Mark Robert Rypien (born October 2, 1962) is a Canadian former professional football player who was a quarterback for 14 seasons in the National Football League (NFL). He played college football at Washington State and was drafted by the Washington Redskins in the sixth round of the 1986 NFL Draft. He was the first Canadian-born quarterback to both start in the NFL and be named Super Bowl MVP, doing so in Super Bowl XXVI with the Redskins. He also played for several other NFL teams. His nephew Brett plays in the NFL for the Denver Broncos.

Early years
Born in Calgary, Alberta, Rypien moved to the United States in 1965 and was raised in Spokane, Washington.    He was a star three-sport athlete at Shadle Park High School. All three of his varsity numbers (football, basketball, and baseball) were later retired by the school.

He accepted a football scholarship to Washington State University in Pullman, and joined the Delta Tau Delta fraternity. A knee injury in spring drills in 1982 redshirted him for that season and he nearly left football and WSU in November 1983. After a good showing as a late replacement to the roster in the Senior Bowl, he was selected by the Washington Redskins in the sixth round of the 1986 NFL Draft, the 146th overall pick and the eighth quarterback selected.

Professional career

Washington Redskins
Rypien spent his first two years as a professional on the Redskins' injured reserved list, first with a bad knee in 1986, then a bad back in 1987. He watched from the sidelines as the Redskins won Super Bowl XXII under coach Joe Gibbs in January 1988 behind the quarterbacking of veteran Doug Williams.

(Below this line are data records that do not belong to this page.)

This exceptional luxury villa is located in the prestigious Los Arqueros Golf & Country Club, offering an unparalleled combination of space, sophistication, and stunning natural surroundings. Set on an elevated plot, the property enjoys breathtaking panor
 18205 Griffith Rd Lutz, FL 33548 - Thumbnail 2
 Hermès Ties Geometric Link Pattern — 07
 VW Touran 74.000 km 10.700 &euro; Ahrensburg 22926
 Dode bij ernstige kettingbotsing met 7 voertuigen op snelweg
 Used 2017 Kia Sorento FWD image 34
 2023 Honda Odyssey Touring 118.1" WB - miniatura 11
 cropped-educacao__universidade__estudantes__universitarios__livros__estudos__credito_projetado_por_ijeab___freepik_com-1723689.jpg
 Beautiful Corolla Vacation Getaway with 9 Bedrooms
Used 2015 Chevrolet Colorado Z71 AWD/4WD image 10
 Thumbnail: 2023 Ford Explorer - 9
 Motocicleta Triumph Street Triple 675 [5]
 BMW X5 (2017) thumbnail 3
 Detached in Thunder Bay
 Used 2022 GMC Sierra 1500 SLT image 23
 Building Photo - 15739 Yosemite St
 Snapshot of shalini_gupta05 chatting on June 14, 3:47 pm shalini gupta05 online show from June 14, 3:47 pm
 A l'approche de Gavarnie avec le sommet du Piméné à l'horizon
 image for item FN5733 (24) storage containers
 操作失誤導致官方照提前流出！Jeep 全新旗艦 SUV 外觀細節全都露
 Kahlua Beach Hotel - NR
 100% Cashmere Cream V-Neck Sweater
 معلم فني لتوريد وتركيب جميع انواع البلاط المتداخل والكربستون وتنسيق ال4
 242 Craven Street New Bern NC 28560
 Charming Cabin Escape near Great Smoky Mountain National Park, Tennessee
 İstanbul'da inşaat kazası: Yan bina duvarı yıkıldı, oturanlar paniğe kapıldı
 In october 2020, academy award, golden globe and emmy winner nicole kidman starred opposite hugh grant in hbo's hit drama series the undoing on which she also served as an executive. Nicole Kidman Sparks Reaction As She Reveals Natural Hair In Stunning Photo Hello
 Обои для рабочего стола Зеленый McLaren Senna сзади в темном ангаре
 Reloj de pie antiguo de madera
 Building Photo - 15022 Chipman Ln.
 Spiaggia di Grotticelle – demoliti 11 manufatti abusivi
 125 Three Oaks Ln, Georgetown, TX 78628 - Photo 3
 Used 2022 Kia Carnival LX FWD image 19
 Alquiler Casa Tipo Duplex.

Rypien became the second stringer after Jay Schroeder, who lost his job to Williams late in the 1987 season, was traded to the Los Angeles Raiders. In Week 4 against the newly relocated Phoenix Cardinals, Rypien got his first chance to start for an injured Williams and threw for 303 yards and two touchdowns in a 30-21 loss. In six starts, he went 3-3 and he appeared in nine games overall, including a four-touchdown game in a rematch against the Cardinals. He threw for 1,730 yards in those games and finished with three more touchdowns than Williams had, by a count of 18–15. 

Rypien was named the starter for 1989 ahead of the injured and aging Williams, Rypien emerged as a star quarterback as he threw for 3,768 yards with 22 touchdowns and led the Redskins to a 10-6 record. The team missed the playoffs but Rypien received a bid as an injury replacement for Joe Montana and Don Majkowski in that year's Pro Bowl (NFC coach John Robinson elected to bring only one injury replacement for his intended starter and #2 quarterback).

Rypien was best known for his phenomenal accuracy as a deep passer.

A running joke among sportswriters in Washington was that Rypien could only throw "ducks" in a ten-yard game of catch going during warmups, but threw such a beautiful, accurate deep ball that from 60 yards away, he could play catch with someone sitting down. According to former head coach Joe Gibbs, "Rypien's sideline throws would wobble and didn't look all that pretty. But that man could seriously throw the deep stuff." A 1992 Sport Magazine article touted him as one of the best deep passers ever.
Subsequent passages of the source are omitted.